Reblog: 6 Tips for Jumpstarting

Well, I’ve done absolutely no reading, note taking, plan making, or editing of fiction of any kind so far this month. And so, because I am discouraged and everything is hard, I am leaning into this reblog: A.D. Nauman’s 6 Tips for Jumpstarting a Stalled Writing Career. Here’s to hoping that some day I’ll get far enough into a writing career for it to even be at risk of stalling out.

6 Tips for Jumpstarting a Stalled Writing Career

A.D. NAUMAN

OCT 11, 2023

When I was in my 30s, literary success felt close. My stories were appearing regularly in literary journals and winning awards. One story was produced by Stories on Stage and broadcast on NPR. I had an agent I adored. My first novel had been accepted for publication by a hot indie New York press, and of course it would be a world-changer, destined for both the bestseller list and the literary canon. I was soaring down the highway to literary triumph.

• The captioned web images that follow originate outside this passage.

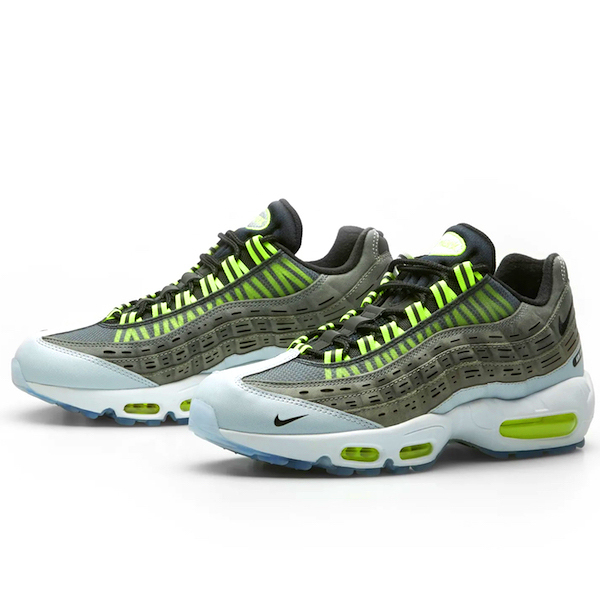 27.5cm UK限定 Nike x Kim Jones AIR MAX 95 Black Volt & Grey 黄 イエローグラデ UK8.5 US9.5 エアマックス ボルト キム ジョーンズ_サンプル画像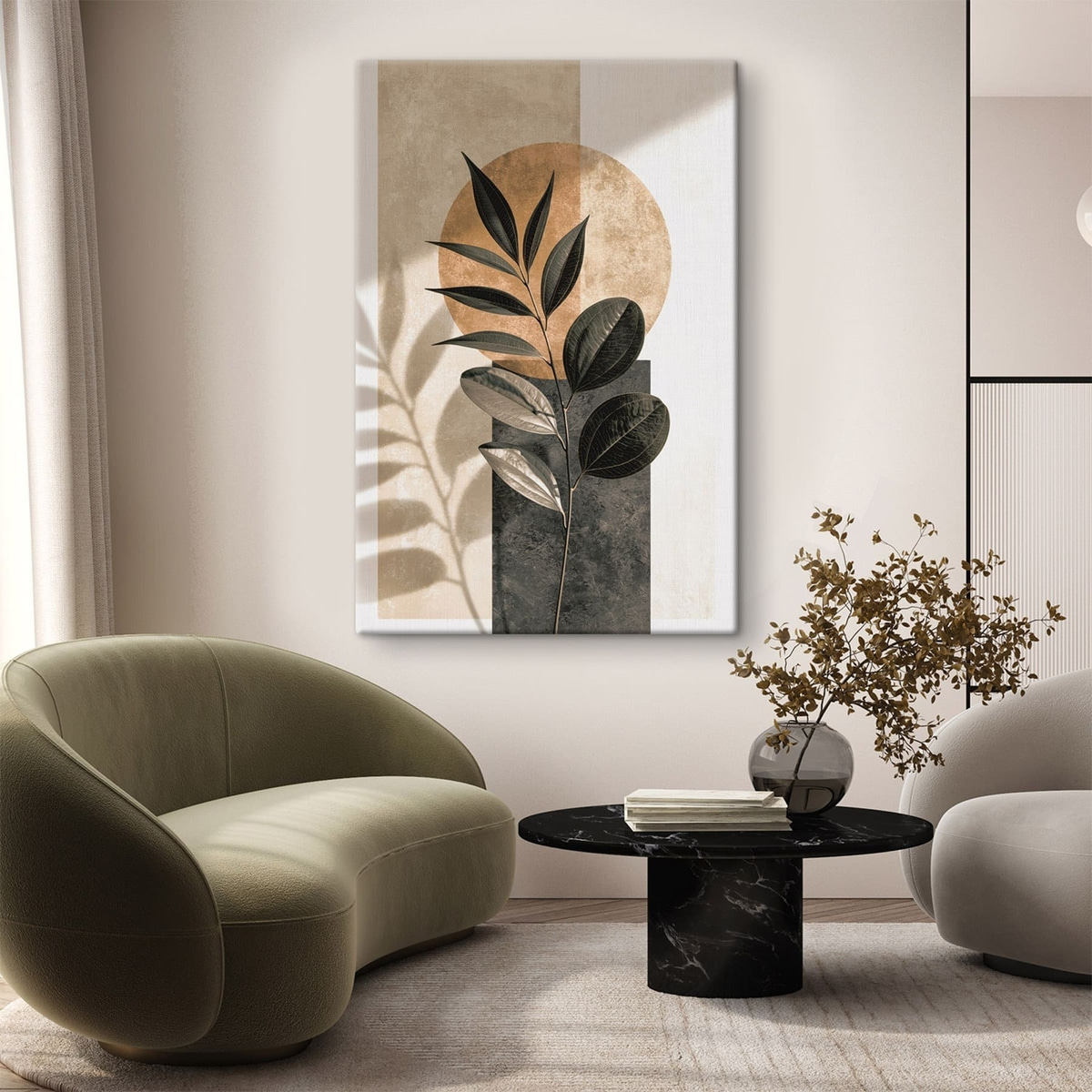 Tak met geometrische vormen — interieur 1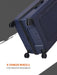 Wildcraft Safara Copper Durable Hardside Spinner Luggage Case, 8 Wheels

Then, everything drifted to a stop. My novel Scorch, released in 2001, did not change the world. My agent left agenting. And over the next 10 years, I managed to place only two stories. I wrote a rockin’ middle-grade novel and secured another agent, but she couldn’t sell it. I wrote a cool, creepy YA novel, but the agent didn’t like it, and she dumped me. I have a vivid memory of sitting at my dining room table in late summer of 2010, sobbing, knowing I’d missed it: I wasn’t going to have the life of a writer after all. It was all I’d ever wanted. I’d made so many sacrifices for it.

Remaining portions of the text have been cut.